TO DO => Only one stretch of the listing below is wanted. Begin at the line that has "- Zwart Premiumcord", stop after the line that has "ساعت مچی زنانه لاکسمیlaxmi 8090-2 ا", and repeat every line in between exactly.

RECORDS SHOWN =>
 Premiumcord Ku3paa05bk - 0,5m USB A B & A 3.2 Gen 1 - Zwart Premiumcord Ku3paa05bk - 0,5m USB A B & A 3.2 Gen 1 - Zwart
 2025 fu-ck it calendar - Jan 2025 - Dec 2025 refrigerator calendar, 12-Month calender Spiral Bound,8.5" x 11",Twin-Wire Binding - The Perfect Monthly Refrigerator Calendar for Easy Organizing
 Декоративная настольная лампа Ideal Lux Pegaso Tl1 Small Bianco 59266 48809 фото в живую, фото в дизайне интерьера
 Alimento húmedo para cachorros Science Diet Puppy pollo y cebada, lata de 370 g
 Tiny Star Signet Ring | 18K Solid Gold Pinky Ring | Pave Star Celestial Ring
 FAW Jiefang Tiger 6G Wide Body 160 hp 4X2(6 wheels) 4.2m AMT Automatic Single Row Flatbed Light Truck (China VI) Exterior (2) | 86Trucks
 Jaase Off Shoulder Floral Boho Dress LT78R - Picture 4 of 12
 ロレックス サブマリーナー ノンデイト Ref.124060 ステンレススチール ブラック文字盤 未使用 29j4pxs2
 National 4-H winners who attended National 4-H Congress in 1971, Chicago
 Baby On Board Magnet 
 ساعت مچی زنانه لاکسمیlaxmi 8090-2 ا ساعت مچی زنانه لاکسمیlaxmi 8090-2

---

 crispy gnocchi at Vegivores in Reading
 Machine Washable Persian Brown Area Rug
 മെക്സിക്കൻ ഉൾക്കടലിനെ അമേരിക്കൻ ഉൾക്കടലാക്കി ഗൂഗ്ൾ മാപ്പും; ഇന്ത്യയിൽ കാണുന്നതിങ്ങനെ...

REPLY =>
 Premiumcord Ku3paa05bk - 0,5m USB A B & A 3.2 Gen 1 - Zwart Premiumcord Ku3paa05bk - 0,5m USB A B & A 3.2 Gen 1 - Zwart
 2025 fu-ck it calendar - Jan 2025 - Dec 2025 refrigerator calendar, 12-Month calender Spiral Bound,8.5" x 11",Twin-Wire Binding - The Perfect Monthly Refrigerator Calendar for Easy Organizing
 Декоративная настольная лампа Ideal Lux Pegaso Tl1 Small Bianco 59266 48809 фото в живую, фото в дизайне интерьера
 Alimento húmedo para cachorros Science Diet Puppy pollo y cebada, lata de 370 g
 Tiny Star Signet Ring | 18K Solid Gold Pinky Ring | Pave Star Celestial Ring
 FAW Jiefang Tiger 6G Wide Body 160 hp 4X2(6 wheels) 4.2m AMT Automatic Single Row Flatbed Light Truck (China VI) Exterior (2) | 86Trucks
 Jaase Off Shoulder Floral Boho Dress LT78R - Picture 4 of 12
 ロレックス サブマリーナー ノンデイト Ref.124060 ステンレススチール ブラック文字盤 未使用 29j4pxs2
 National 4-H winners who attended National 4-H Congress in 1971, Chicago
 Baby On Board Magnet 
 ساعت مچی زنانه لاکسمیlaxmi 8090-2 ا ساعت مچی زنانه لاکسمیlaxmi 8090-2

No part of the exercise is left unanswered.